In subsequent development cycles, the team began proactively consulting our client during feature planning, approaching security as an integral part of product quality. This experience demonstrated how reframing security communication (from loss prevention to opportunity creation) can transform the entire development relationship and ultimately lead to more secure, successful products.
Dialogic Communication
Buber's Dialogic Communication Theory suggests moving from treating people as mere recipients of information to recognizing them as partners in solving a shared problem. This shift from one-way transmission to true dialogue fundamentally transforms vulnerability communication.
Here are a few examples of how this theory works in practice:
Mutual Exploration vs. Declaration
Traditional Approach: Security presents findings as definitive declarations, with developers expected to implement the recommended solutions.
Dialogic Approach: Findings become starting points for joint exploration where both security and development expertise are valued.
- Beginning with open questions: "What do you see when you look at this code pattern?"
- Using genuine inquiry: "What constraints might make addressing this challenging?"
- Acknowledging limitations: "I understand how the authentication system works, but I'd value your deeper perspective on it."
- Co-creating solutions: "Let's think together about approaches that meet both security needs and your performance requirements."
Embracing the "Between Space"
Traditional Approach: Each team maintains rigid boundaries and speaks from their specialized domains without empathy for the other's world.
Dialogic Approach: Security professionals intentionally step into a shared conceptual space where neither security nor development perspectives dominate.

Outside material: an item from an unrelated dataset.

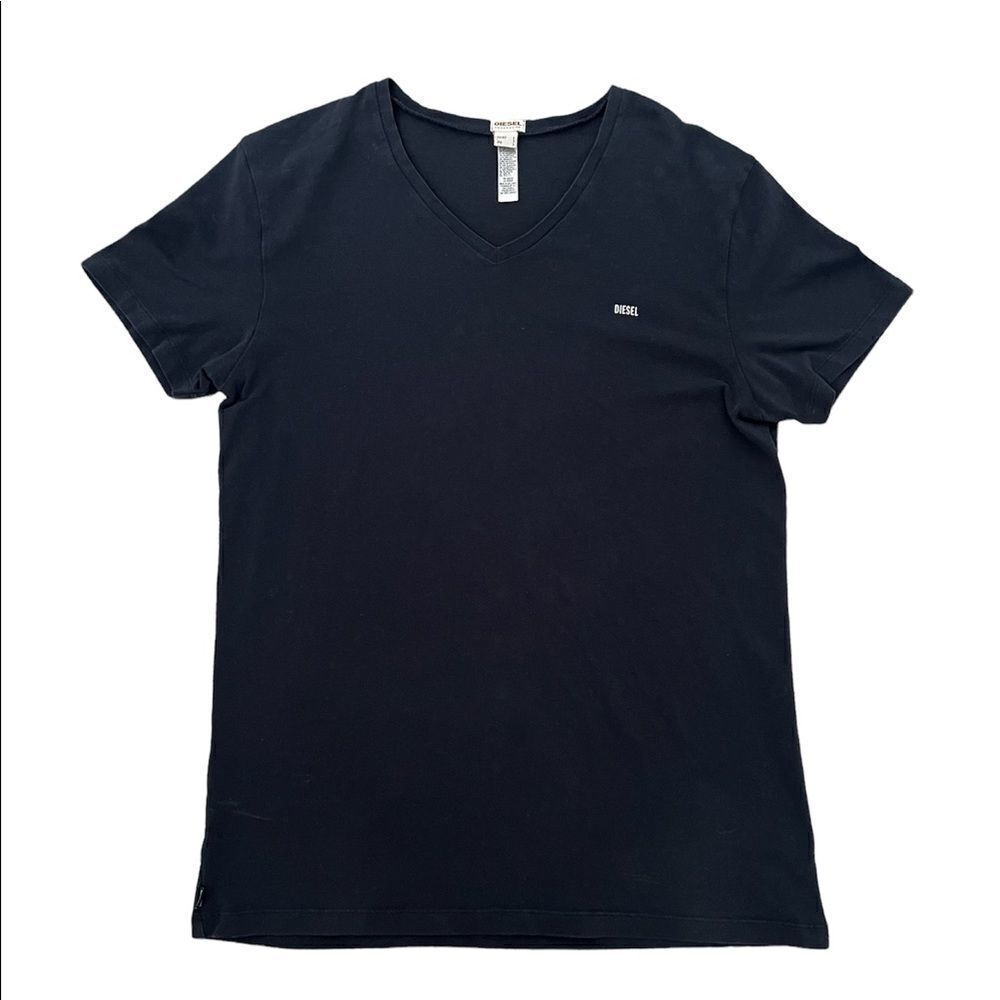 Diesel underwear womens shirt size large black short sleeve A1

- Use inclusive language: "The challenge we're facing" rather than "The vulnerability you've created."
- Create tangible "between spaces" like shared whiteboards or online collaboration tools, where both teams contribute.
- Develop shared vocabularies that bridge security and development
- Establish regular cross-functional sessions dedicated to security topics
Reciprocal Vulnerability
Traditional Approach: Security teams position themselves as authoritative experts, rarely acknowledging their own knowledge gaps or uncertainties.
Dialogic Approach: Security professionals model vulnerability by:
- Openly acknowledging the limitations of their technical understanding
- Sharing stories of their own security mistakes or learning experiences
- Asking for help understanding complex development considerations
- Admitting when a security recommendation might need refinement based on development insights
Standing With, Not Against
Traditional Approach: Security positions themselves as inspectors or auditors standing in judgment of development work.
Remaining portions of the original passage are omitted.